[SOURCE MATERIAL — start]

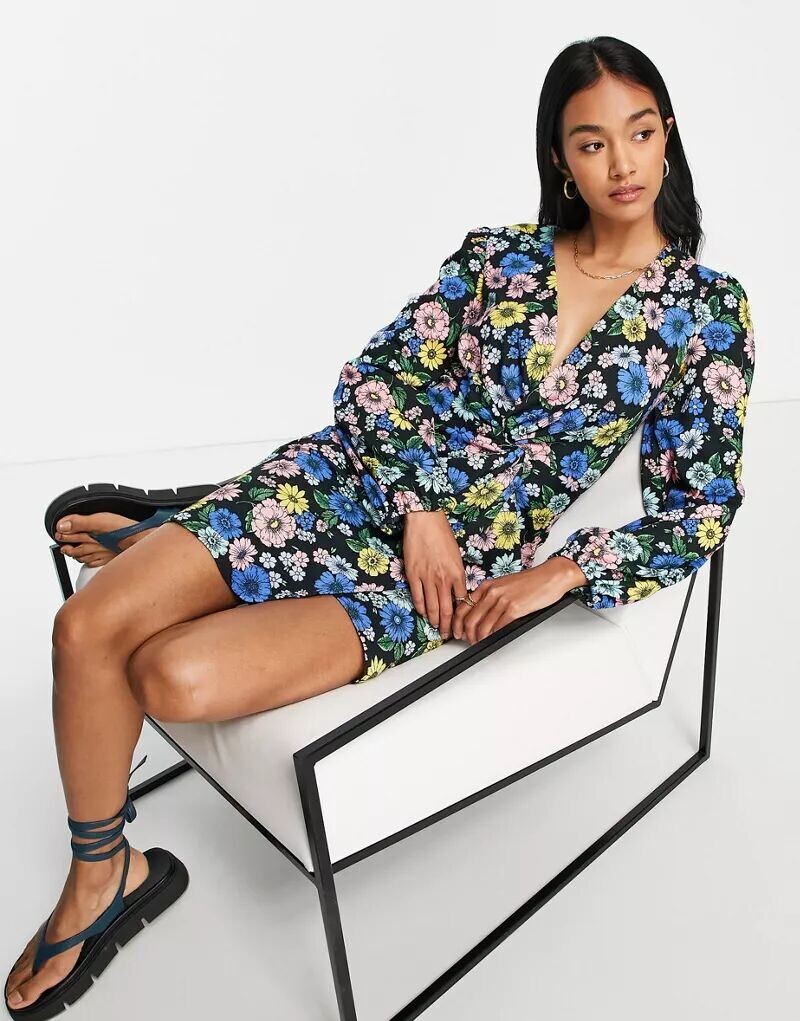 

Черное платье мини с закрученным передом и цветочным принтом River Island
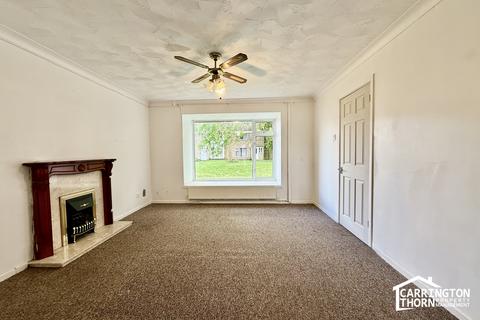 4 bedroom semi-detached house to rent, Foxdale Walk, Leamington Spa, CV31 1RD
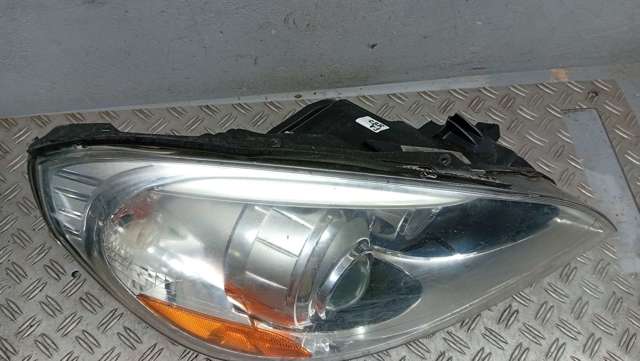 VOLVO 31325255 Правая фара в наличии Тернополь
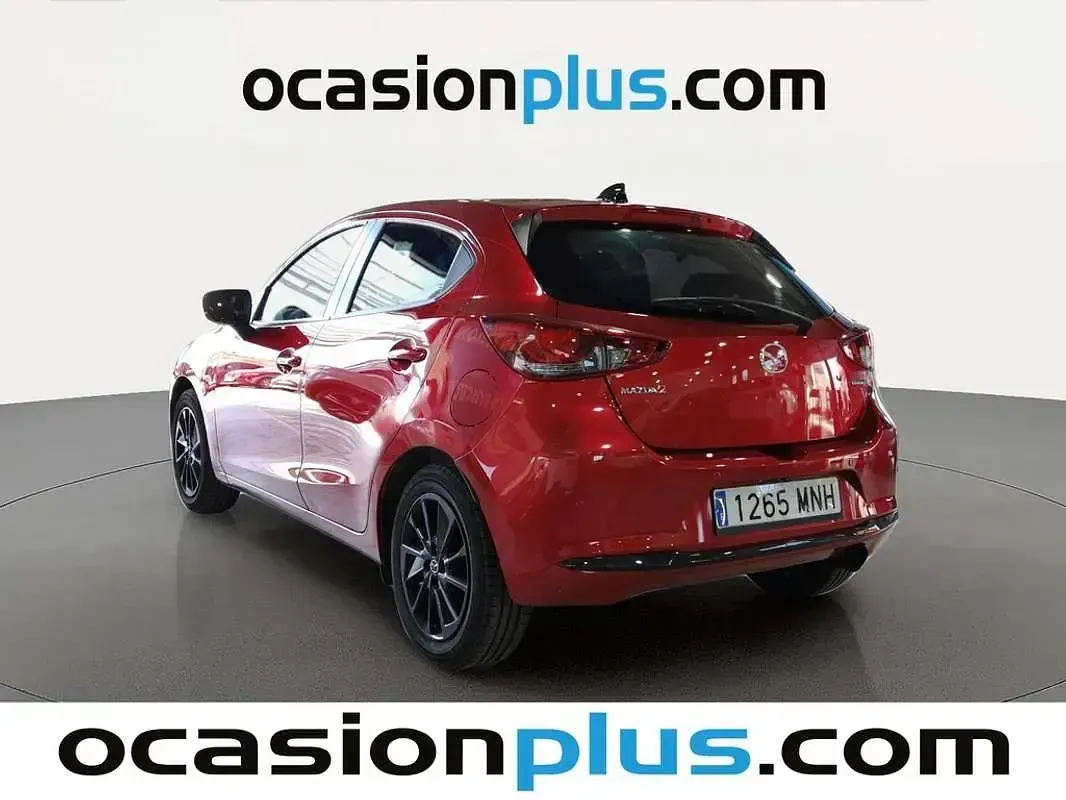Usado Mazda 2 Homura-Line 90 CV (66 kW) 2024 Rojo Utilitario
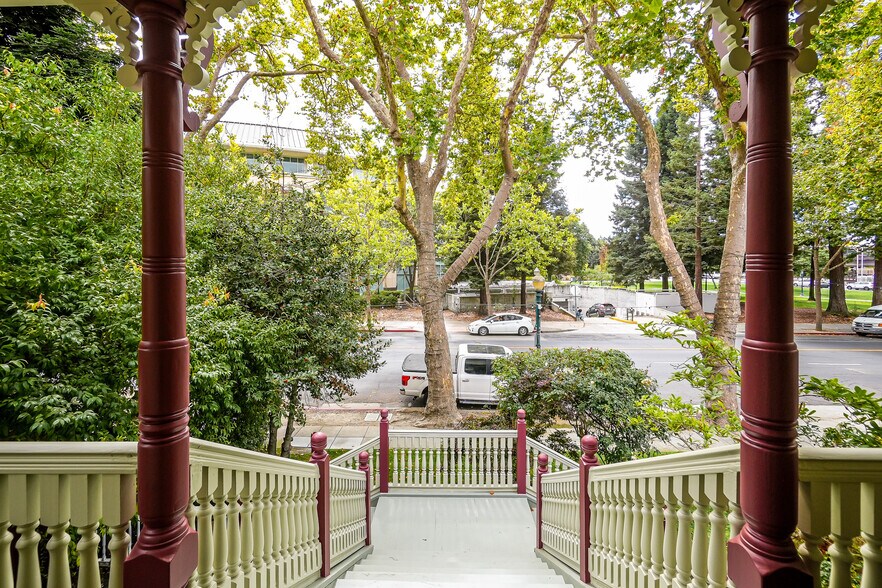 More Photos Of 742 B St, Hayward Restaurant For Sale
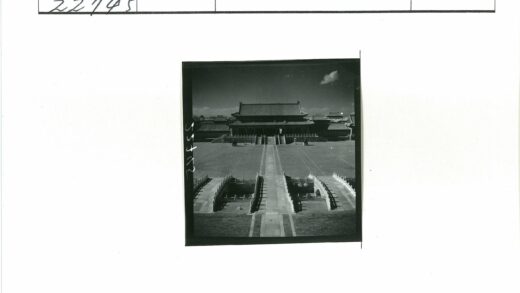 传统建筑石桥草地风光.jpg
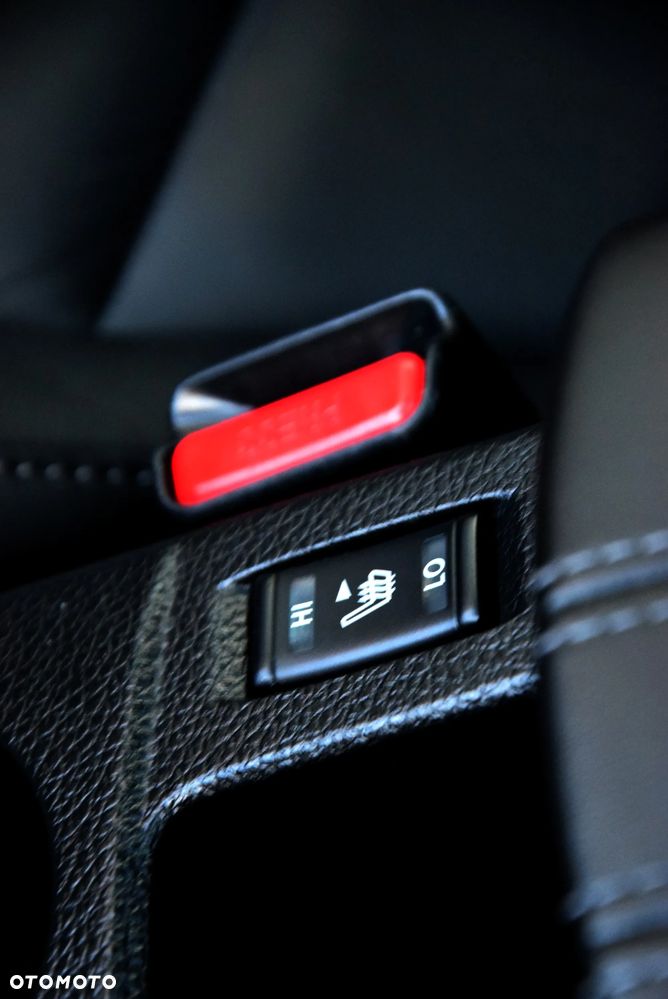 Nissan Qashqai 1.6 DIG-T Tekna+ - 32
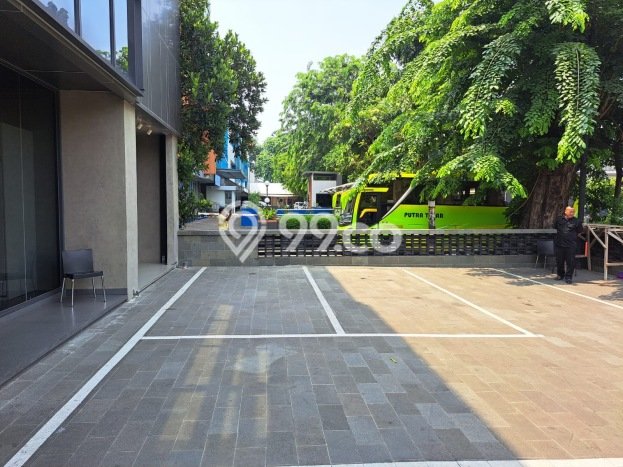 Komersial Bagus LT 534m2 LB 665m2 Dijual di Palmerah Jakarta Barat Komersial Bagus LT 534m2 LB 665m2 Dijual di Palmerah Jakarta Barat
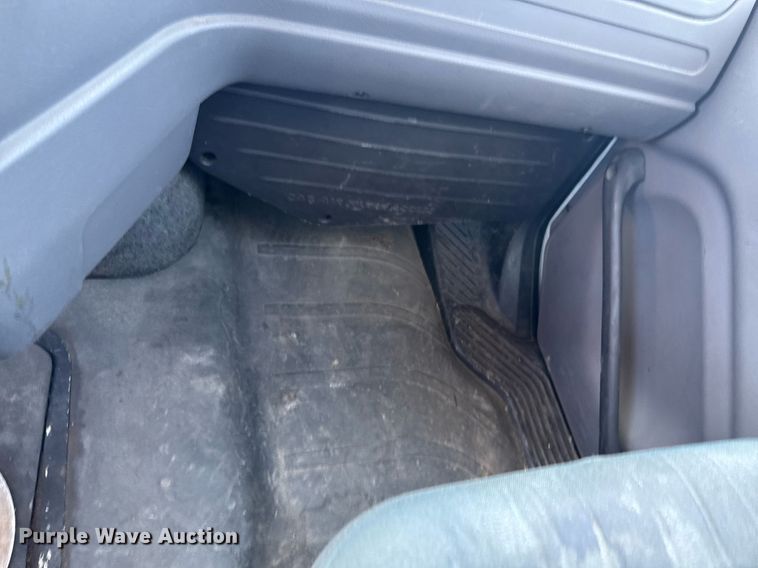 image for item DU9098 2010 Freightliner Business Class M2 semi truck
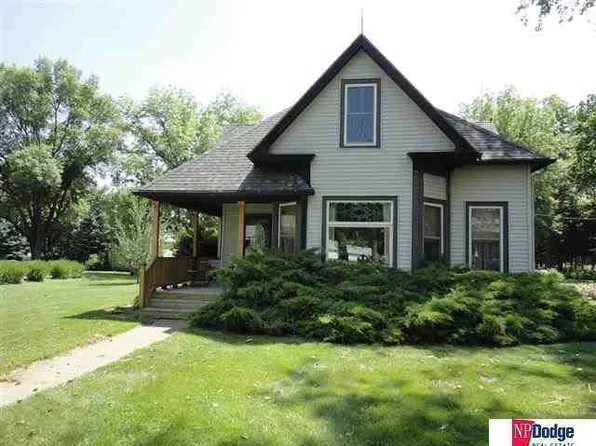 130 Maud St, Morse Bluff, NE 68648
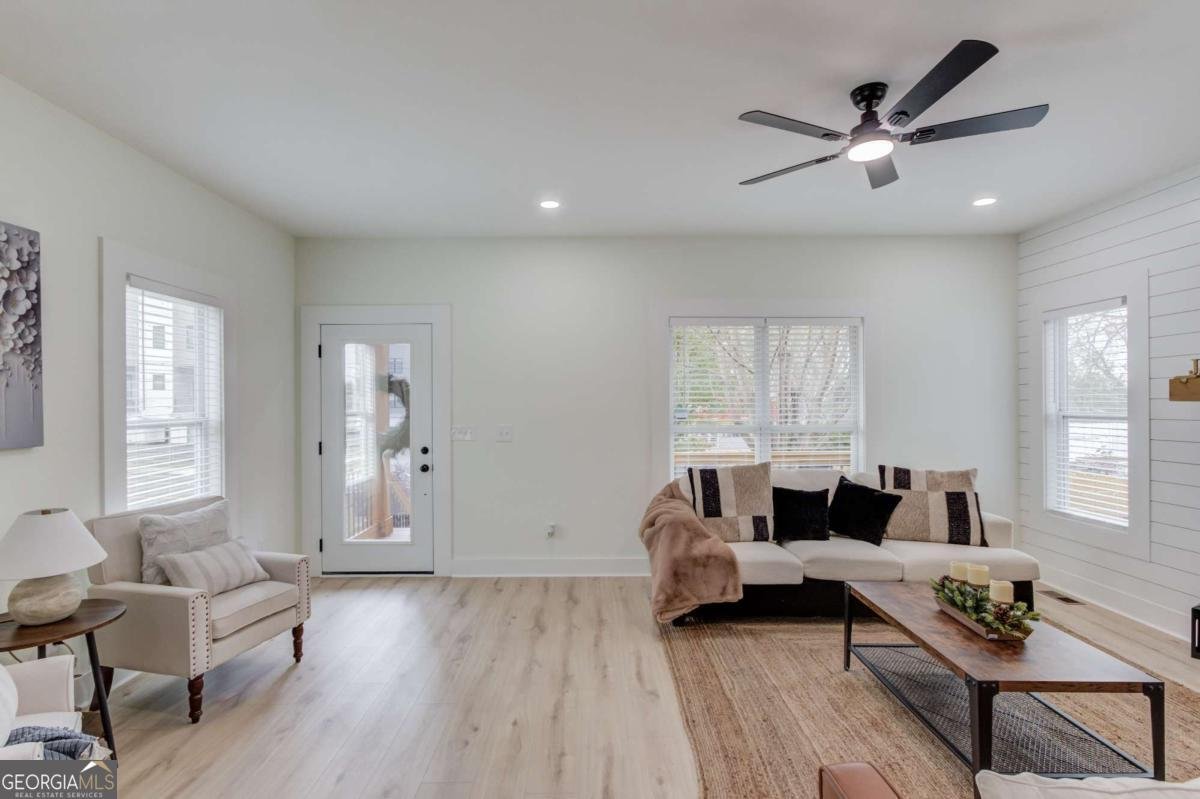 1902 Memorial Drive Atlanta - 9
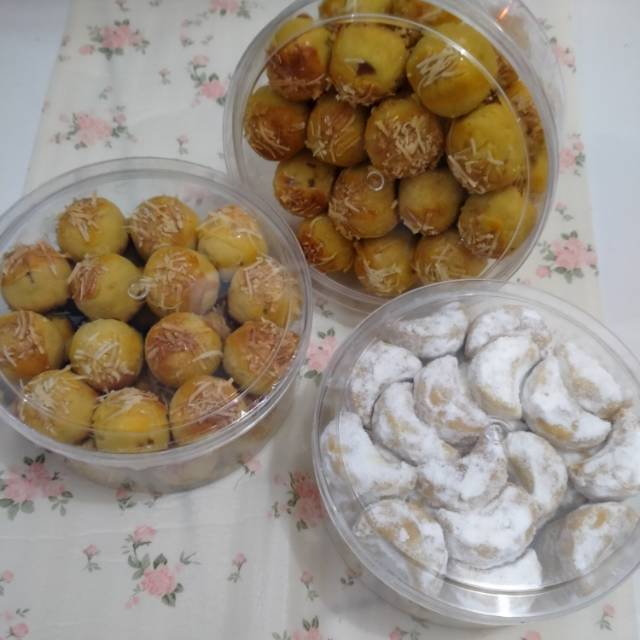 

Kue Nastar dan Kue Putri Salju (HOME MADE BERKUALITAS)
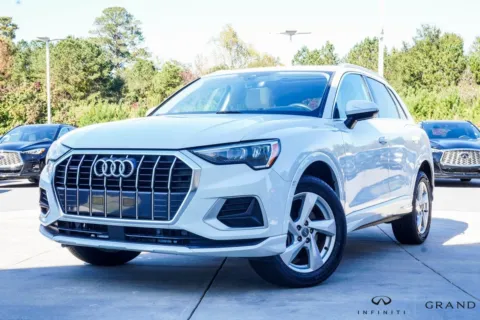 White 2019 Audi Q3 2.0T Premium for sale in Macon, GA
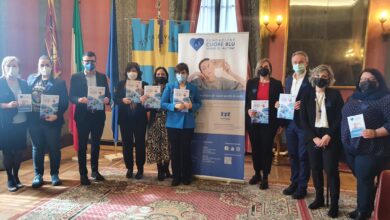 foto_gruppo_cuore_blu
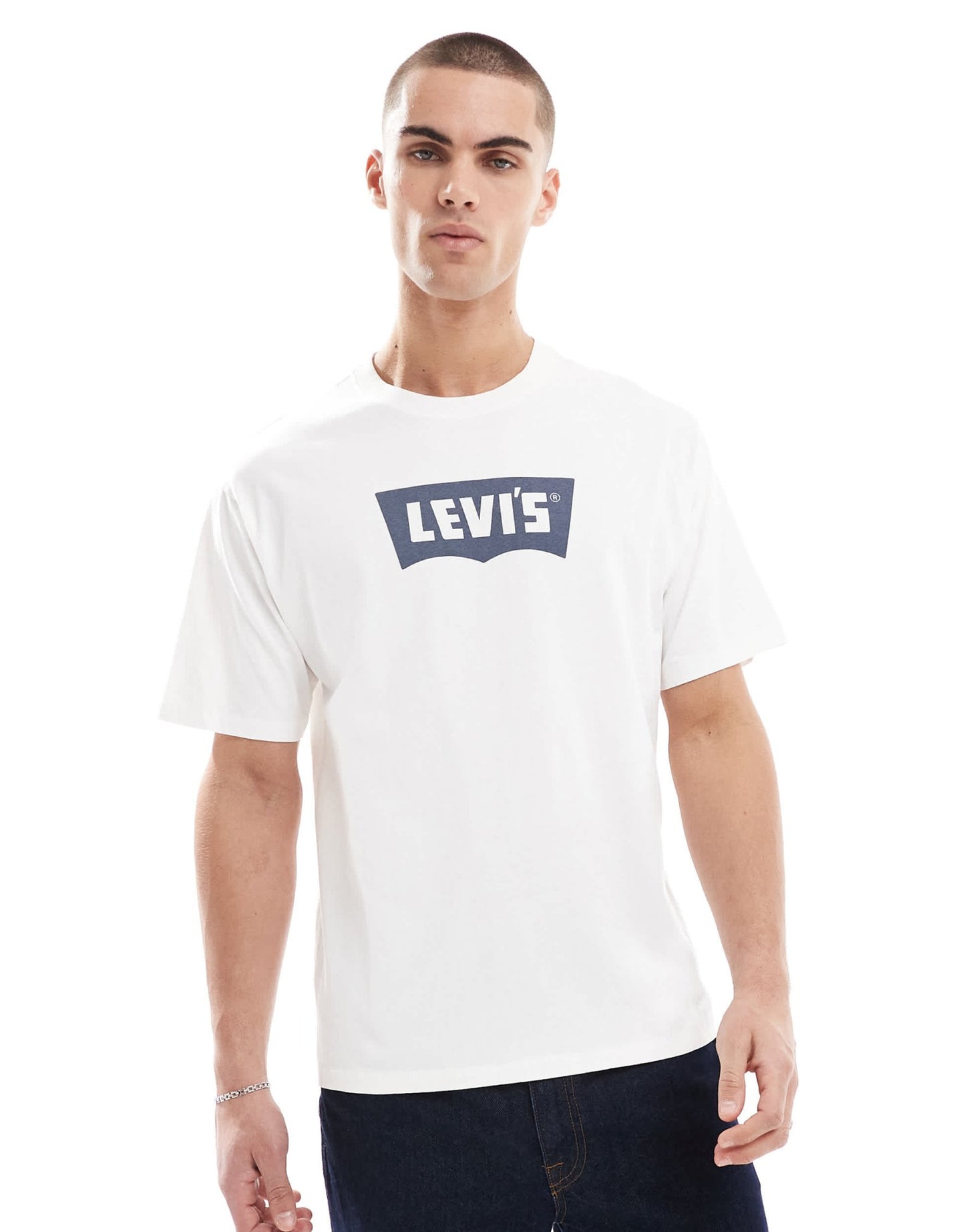Levi's Vintage relaxed fit batwing central logo t-shirt in white - ASOS Sample Sale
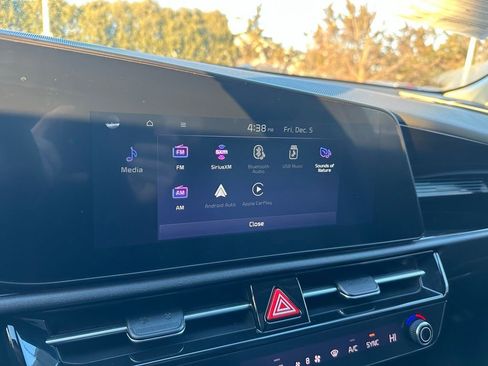 Used 2023 Kia Niro SX Touring image 23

[SOURCE MATERIAL — finish]

▸ **INSTRUCTIONS FOR THE TASK**: Could you set down every entry above exactly as it stands, with no images?

▸ **OUTPUT**:
Черное платье мини с закрученным передом и цветочным принтом River Island
 4 bedroom semi-detached house to rent, Foxdale Walk, Leamington Spa, CV31 1RD
 VOLVO 31325255 Правая фара в наличии Тернополь
Usado Mazda 2 Homura-Line 90 CV (66 kW) 2024 Rojo Utilitario
 More Photos Of 742 B St, Hayward Restaurant For Sale
 传统建筑石桥草地风光.jpg
 Nissan Qashqai 1.6 DIG-T Tekna+ - 32
 Komersial Bagus LT 534m2 LB 665m2 Dijual di Palmerah Jakarta Barat Komersial Bagus LT 534m2 LB 665m2 Dijual di Palmerah Jakarta Barat
 image for item DU9098 2010 Freightliner Business Class M2 semi truck
 130 Maud St, Morse Bluff, NE 68648
 1902 Memorial Drive Atlanta - 9

Kue Nastar dan Kue Putri Salju (HOME MADE BERKUALITAS)
 White 2019 Audi Q3 2.0T Premium for sale in Macon, GA
 foto_gruppo_cuore_blu
Levi's Vintage relaxed fit batwing central logo t-shirt in white - ASOS Sample Sale
 Used 2023 Kia Niro SX Touring image 23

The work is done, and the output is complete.